Ann Hui returns to the infamous new town of Tin Shui Wai, the setting of her award-winning previous film, The Way We Are, for her latest outing. Deliberately named in reference to Alain Resnais’ 1955 documentary about Nazi concentration camps, Night and Fog is a powerfully acted, and at times harrowing, retelling of a recent true case of domestic violence and murder.

It is giving nothing away to reveal that young mother Hiu-Ling (played by Zhang Jingchu of The Beast Stalker) and her twin daughters are brutally murdered by her husband, Sam (Simon Yam). The film establishes this in its opening moments and the bulk of the narrative is told in flashback through a number of police statements given by neighbours and other young women from the women’s refuge where Hiu-Ling repeatedly seeks shelter.

The film backtracks to explore the events that lead up to, and may have provoked, such a gruesome crime. It also attempts, with little success, to understand the kind of man capable of murdering his own wife and children. It is not a failing of the film, however, that more answers are not gleaned from this path of investigation, but rather a realization that the motives of the film’s antagonist are largely beyond comprehension.

Hui does succeed in exposing the unique and rather eccentric relationship that exists between Hong Kong and Mainland China. It appears that for many in China, the perception of Hong Kong is of a gilded paradise, an economic haven where the streets are paved with gold and anyone can find their fortune. When Hiu-Ling brings Sam back to her village, her parents are quick to look beyond the sizeable age difference, his volatile temperament or even the way he looks at their younger daughter. What they see is a man from Hong Kong and, not far beyond that, a steady source of income to see them through their twilight years. Sadly, the well being of their daughter scarcely enters into the equation and by this time the audience are already well aware of what fate awaits her.

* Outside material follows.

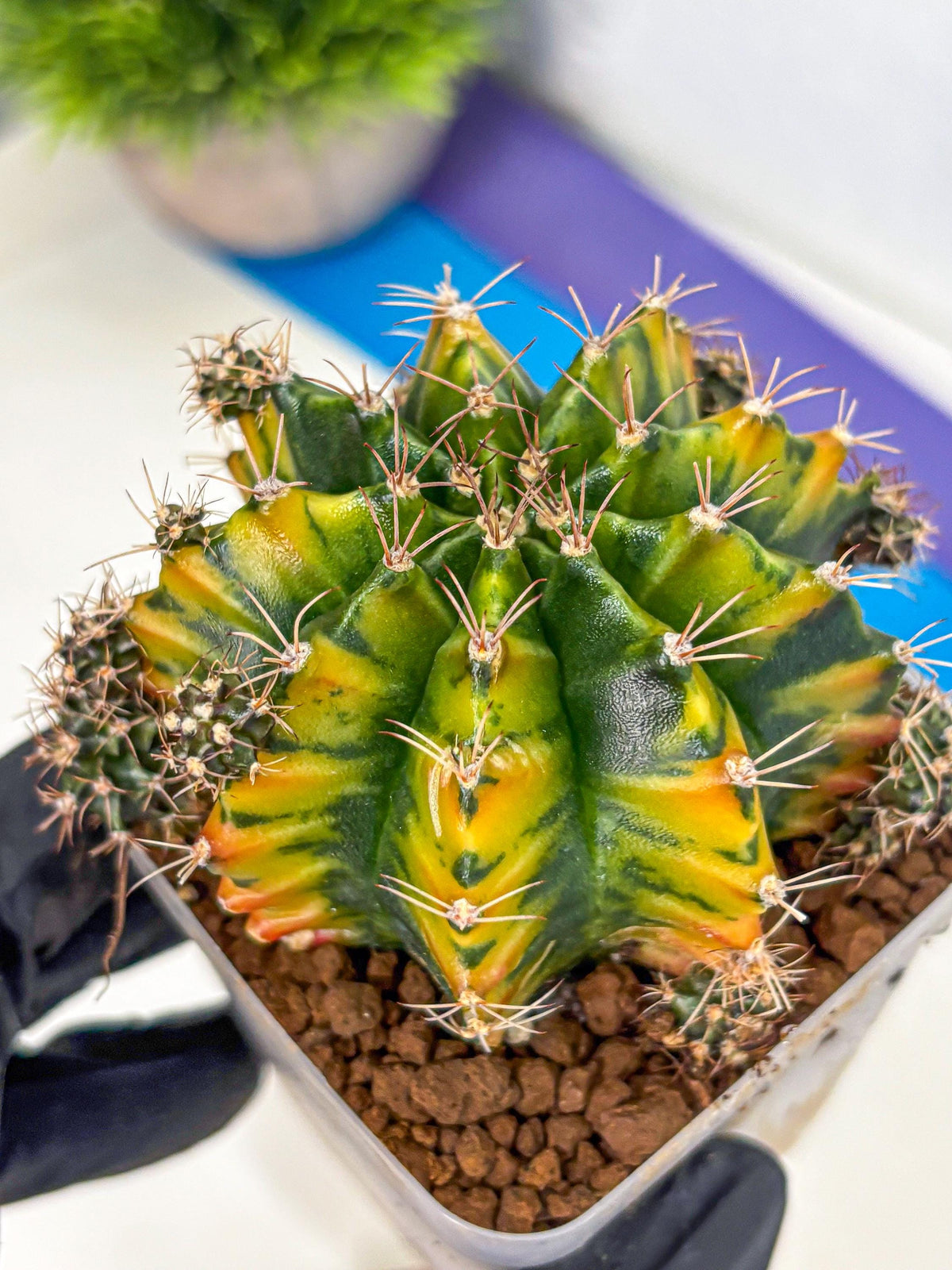 Gymnocalycium Caramel (gy18) (12) | Collector’s Edition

At the receiving end of this by all accounts commonplace scenario is a steady influx of young Mainland wives into Hong Kong, who are often subsequently neglected by their supposed benefactors to varying degrees, if not mistreated or abandoned completely. Hiu-Ling finds herself on more than one occasion seeking shelter at the local government-run refuge, where conditions are poor, supplies are scarce and the presence of licensed and qualified doctors and careworkers is pitifully infrequent. Hui stops short of claiming Hiu-Ling’s blood is on their hands, but only just.

Hui’s fly-on-the-wall, almost documentary feel adds a layer of realism to the unfolding drama, deliberately accentuating the shortcomings of a system ill-equipped to deal with these problems in an oft-neglected district. That said, Hui is a skilled enough filmmaker to know that these circumstances alone do not make for an engaging drama. The Rashomon-style structure, where facts are uncovered piecemeal and out of chronology through the testimonies of unreliable witnesses, serves to highlight the inconsistencies in such cases, conceding that it is no easy problem for the authorities to tackle. Domestic abuse is often difficult to prove and even harder to prosecute. It is not uncommon to live a scant few feet from our neighbours, possibly for years, and still know nothing about who they are or what goes on behind their closed doors.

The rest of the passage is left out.